Just as I start a new postcard, H calls and asks if I want to go into the National Portrait Gallery with him. Inside we are again like two children in a playground. We spend 5-10 minutes in front of every painting, picking apart every detail, completely enamored with the great lost art of renaissance painting, laughing at how terrible our own work compares today. H goes to Hauser & Wirth to hear Harmony Korine give a short lecture, but it’s a private event and he can’t get a +1 so we agree to meet up after for dinner. On my way home I actually have a chance to sit on the tube for the first time in 10 years and I’m shocked at how soft, cushy and comfortable the seats are.

I arrive at Carrousel just after 7. I don’t know why I expected a huge party of people, it’s just H, G and the gallery assistant from Sadie Coles whose name I’ve forgotten unfortunately, an extremely nice fellow that I get along with very quickly. Carrousel has a normal restaurant in the front and a tasting room in the back with a rotating chef. We’re the first party to arrive for tonight’s tasting menu, which will be Japanese/Mexican fusion. Everything is good, even the grasshoppers, but nothing is great, except the mole, which we all agree is worse than bad. G says it tastes like a urinal cake and she’s not wrong. At the end of the dinner we all agree that it was very mediocre for a £500 dinner but Sadie is paying so who can complain?

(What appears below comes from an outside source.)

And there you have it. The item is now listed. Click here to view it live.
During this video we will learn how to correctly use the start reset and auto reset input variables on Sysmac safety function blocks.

More night sweats. In a half-awaken state I decide to take the day off from exploring and allow myself to sleep in until 11. I keep having a reoccurring dream about riding a roller coaster with no seat belt. The first time was weeks ago, and it was genuinely horrifying, but last night, I was oddly fine with it, like I knew if I held on tight enough I’d be ok.

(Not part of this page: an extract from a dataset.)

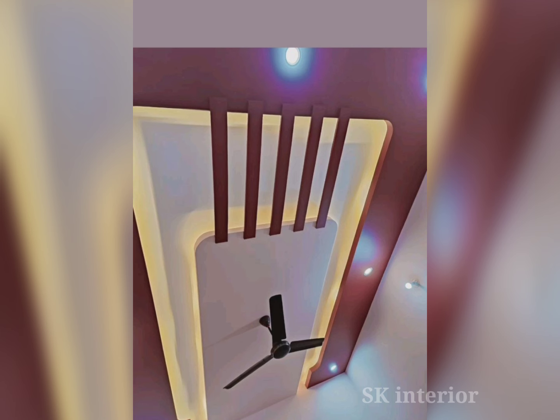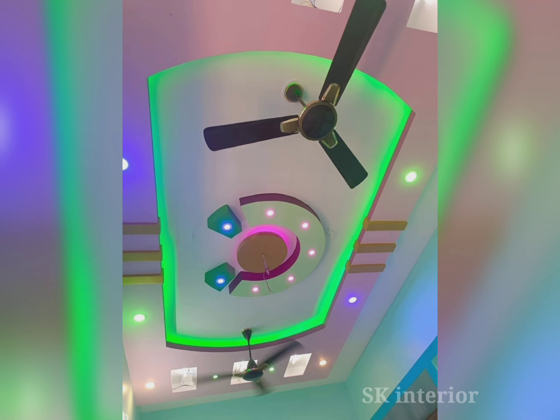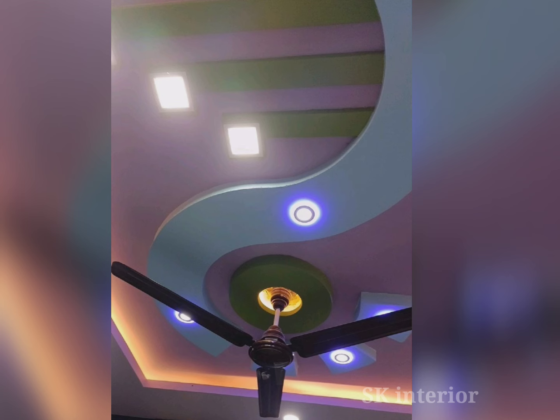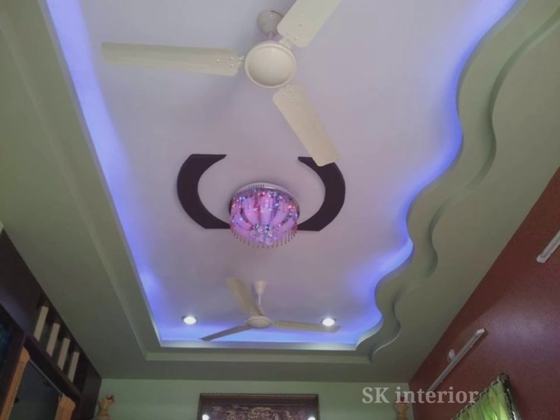Metal ceilings are durable, weather resistant, and customizable. Wooden ceilings add warmth and elegance to a room and are ideal for traditional-themed interiors. Glass ceilings are stylish and add a touch of sophistication to a room. Fabric ceilings are ideal for soundproofing and controlling noise levels.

I survive, but I left my jacket so I have to ride again. This time I take off another article of clothing and forget both of them. At my new breakfast place, there’s the sketchy old man from yesterday and a younger middle eastern guy. I order the same thing as yesterday, scrambled eggs on toast with cheese. “You want a baguette?” No I want scrambled eggs on toast with cheese. “You want bacon?” I lose my temper a little and enunciate slowly and loudly. Scrambled. Eggs. Toast. Cheese. The sketchy guy from yesterday can sense my patience thinning so he jumps in and excuses the new guy so he can re-take my order. “do you want a baguette with that?” No. “Do you want bacon on it?” No.

While all this is happening, I’ve been messaging this guy in Brazil, D. I guess you could say he’s my biggest fan. A 22-year-old, obsessed with my music, not the sharpest tool in the shed, he messages me non-stop asking to collaborate with me and listen to his music. He’s alright in the sense that he just mirrors what I’m doing back to me, but both my record label head and I know he’s been prone to tell some pretty far fetched stories.

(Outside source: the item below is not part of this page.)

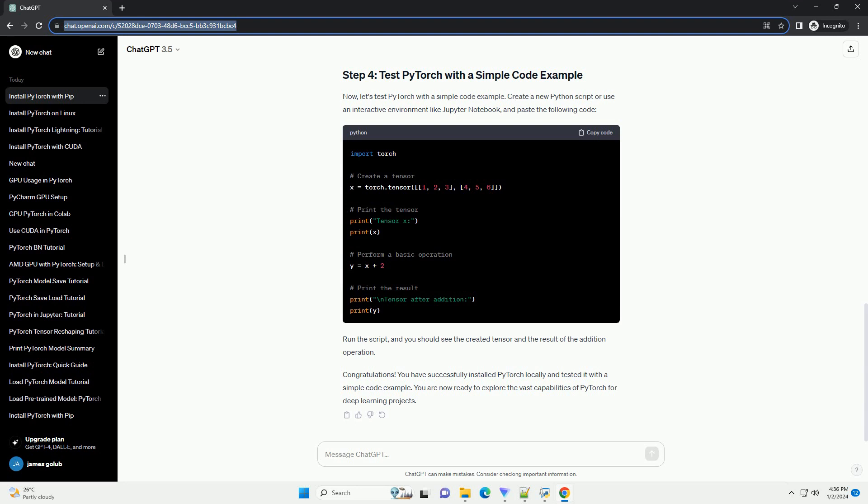If you prefer using Conda, you can install PyTorch with the following command. This command installs PyTorch from the official PyTorch channel.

We’re having a normal conversation when he tells me he messaged one of the most influential producers in our genre and claims he listened to D’s beat and told him he liked it. I ask him for a screenshot to prove it. He claims he deleted the message exchange. I tell him I don’t believe him. He keeps trying to talk around it but I keep pressing him to send screenshots, which he eventually does, and the message exchange is literally just D saying “hi, I love your music” and the influential producer ignoring him. At this point D claims there was a mix up in his translation of what he was trying to say. I call bullshit. He keeps trying to talk around it but I’m not letting him off the hook. I bring up other things in the past I’m sure he’s lying about. He realizes he’s been caught so he admits that he was lying about speaking to the producer and admits he lied about there being trouble with the translation. He can tell I’m pissed so he starts begging for my forgiveness and asking me not to cut him off. I ask him to admit to lying about the other stuff but he insists he was telling the truth. I still don’t believe him. I tell my label owner we need to cut this guy out of our circle and he agrees.

I’m determined to find one person in the city who fucks with Chief Keef. Leg day at the gym and then an açaí bowl. I head back home, shower, and head back out to paint in the park. I get white paint on my new hat, which bums me out, so I go home to try to clean it out and luckily it mostly does. G asked me to DJ the after party of her opening so I assemble a playlist. I ask S to recommend an indian place for dinner, it’s only 30 minutes away so I hop on the 16 and climb up to the second floor of the bus. I order appam, fish curry and paratha and it’s phenomenal. I take the bus home and hop into a cantonese place to grab some steamed rice for some extra leg day carbs. J arrives tomorrow.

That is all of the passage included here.